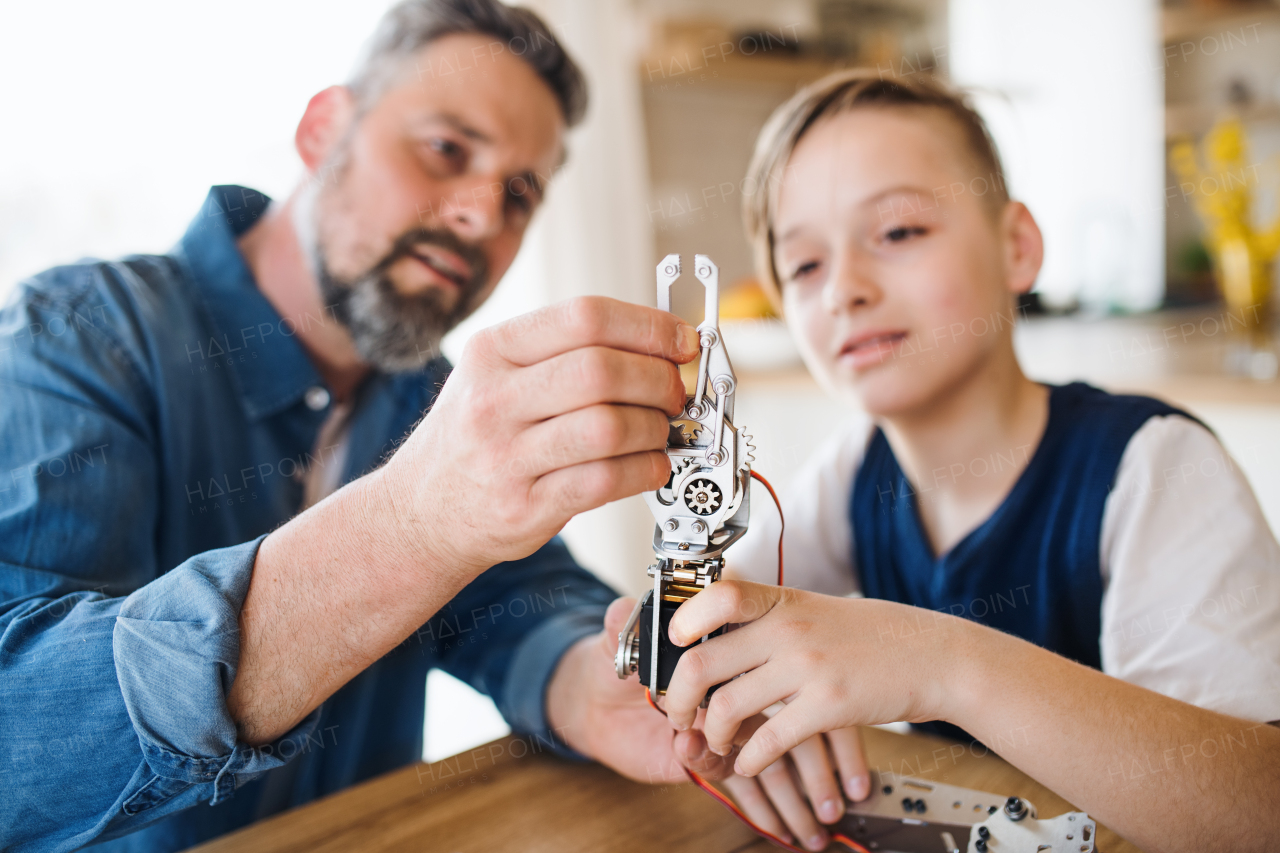 A mature father with small son sitting at table indoors, working on school project.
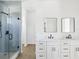 This bright bathroom features double sinks, white cabinets, quartz countertops and a glass enclosed shower at 1753 25Th N Ave, St Petersburg, FL 33713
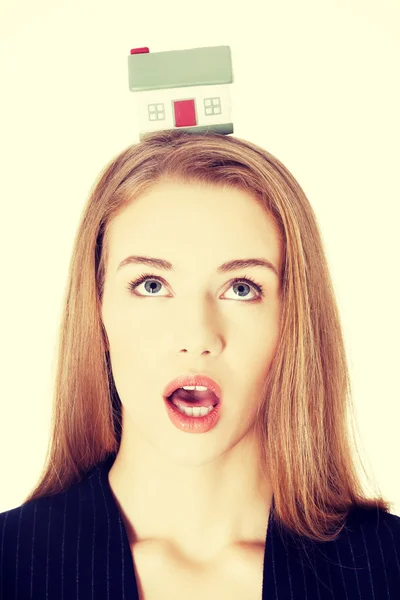 Shocked business woman with house on head. — Stock Photo, Image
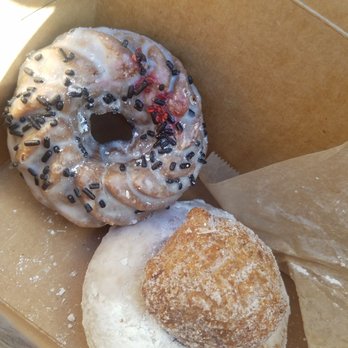 Pushkin's Bakery - Chocolate vanilla crueller, pumpkin donut hole, powdered donut underneath - Bakeries Near Me - Sacramento, California Pushkin's Bakery - Chocolate vanilla crueller, pumpkin donut hole, powdered donut underneath - Bakeries Near Me - Sacramento, California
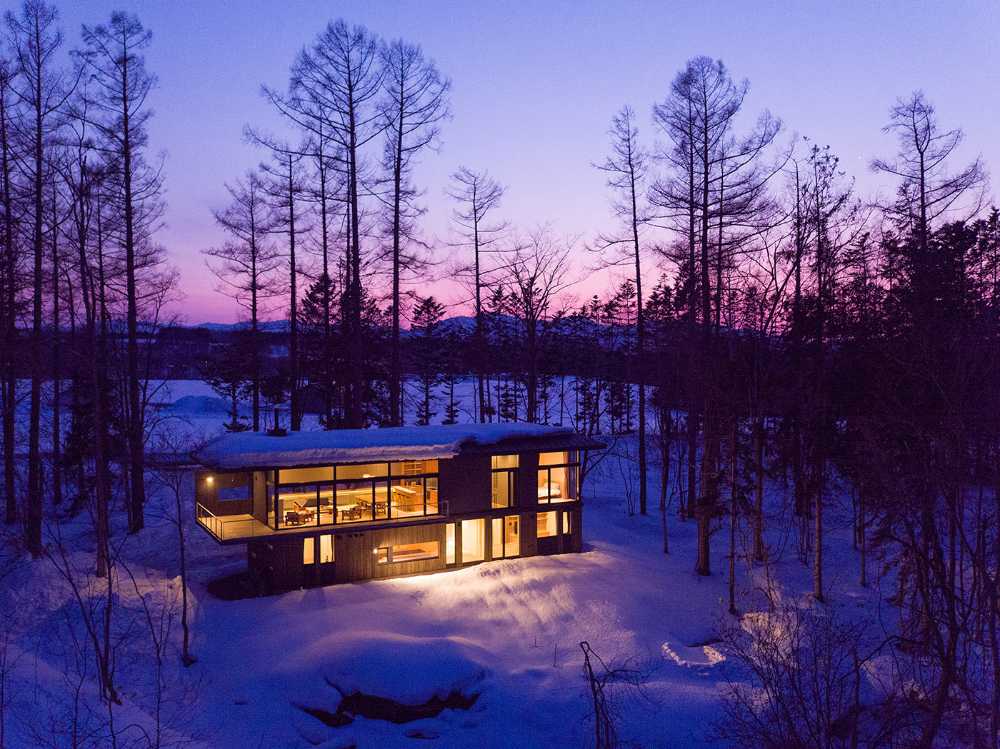 Architectural dialogue between cedar and metal for the Hiyoku home, a backdrop of Japan's snow-capped mountains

▶ [Task to carry out]: Write out the listing above exactly as it stands, pictures excluded.

▶ [Answer to this exercise]:
 A mature father with small son sitting at table indoors, working on school project.
 This bright bathroom features double sinks, white cabinets, quartz countertops and a glass enclosed shower at 1753 25Th N Ave, St Petersburg, FL 33713
 Shocked business woman with house on head. — Stock Photo, Image
 Pushkin's Bakery - Chocolate vanilla crueller, pumpkin donut hole, powdered donut underneath - Bakeries Near Me - Sacramento, California Pushkin's Bakery - Chocolate vanilla crueller, pumpkin donut hole, powdered donut underneath - Bakeries Near Me - Sacramento, California
 Architectural dialogue between cedar and metal for the Hiyoku home, a backdrop of Japan's snow-capped mountains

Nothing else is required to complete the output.